#### Task:
Scan the records below. List lines holding "Women".

#### Data shown:
------

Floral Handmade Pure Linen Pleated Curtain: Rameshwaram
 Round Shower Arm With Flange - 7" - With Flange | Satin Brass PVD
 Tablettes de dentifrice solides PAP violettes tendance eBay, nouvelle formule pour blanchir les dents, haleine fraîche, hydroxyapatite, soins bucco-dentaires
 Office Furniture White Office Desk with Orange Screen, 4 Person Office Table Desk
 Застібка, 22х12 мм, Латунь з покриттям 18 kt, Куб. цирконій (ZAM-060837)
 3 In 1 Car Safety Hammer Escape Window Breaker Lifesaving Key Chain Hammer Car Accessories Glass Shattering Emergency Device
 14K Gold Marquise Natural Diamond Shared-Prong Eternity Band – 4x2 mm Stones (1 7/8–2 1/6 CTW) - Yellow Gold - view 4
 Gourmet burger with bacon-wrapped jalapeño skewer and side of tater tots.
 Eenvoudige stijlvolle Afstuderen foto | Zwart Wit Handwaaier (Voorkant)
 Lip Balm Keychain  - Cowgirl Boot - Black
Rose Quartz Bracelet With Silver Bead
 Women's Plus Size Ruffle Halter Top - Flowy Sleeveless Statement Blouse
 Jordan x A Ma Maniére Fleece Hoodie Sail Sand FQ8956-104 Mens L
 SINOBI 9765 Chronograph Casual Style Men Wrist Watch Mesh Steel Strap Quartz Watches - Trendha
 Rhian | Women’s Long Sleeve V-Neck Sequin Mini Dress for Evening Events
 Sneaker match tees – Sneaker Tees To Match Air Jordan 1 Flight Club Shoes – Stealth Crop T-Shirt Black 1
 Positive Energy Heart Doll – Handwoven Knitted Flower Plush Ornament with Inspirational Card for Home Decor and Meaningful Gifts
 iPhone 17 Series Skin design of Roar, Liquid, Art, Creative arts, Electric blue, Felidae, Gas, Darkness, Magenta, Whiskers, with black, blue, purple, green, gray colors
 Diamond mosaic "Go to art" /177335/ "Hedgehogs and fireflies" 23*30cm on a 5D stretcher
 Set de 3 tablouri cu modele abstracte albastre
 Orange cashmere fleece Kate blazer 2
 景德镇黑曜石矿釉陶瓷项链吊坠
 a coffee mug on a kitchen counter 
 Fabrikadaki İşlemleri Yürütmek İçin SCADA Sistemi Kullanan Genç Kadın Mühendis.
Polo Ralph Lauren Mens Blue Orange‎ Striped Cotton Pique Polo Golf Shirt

------

#### Task response:
 Women's Plus Size Ruffle Halter Top - Flowy Sleeveless Statement Blouse
 Rhian | Women’s Long Sleeve V-Neck Sequin Mini Dress for Evening Events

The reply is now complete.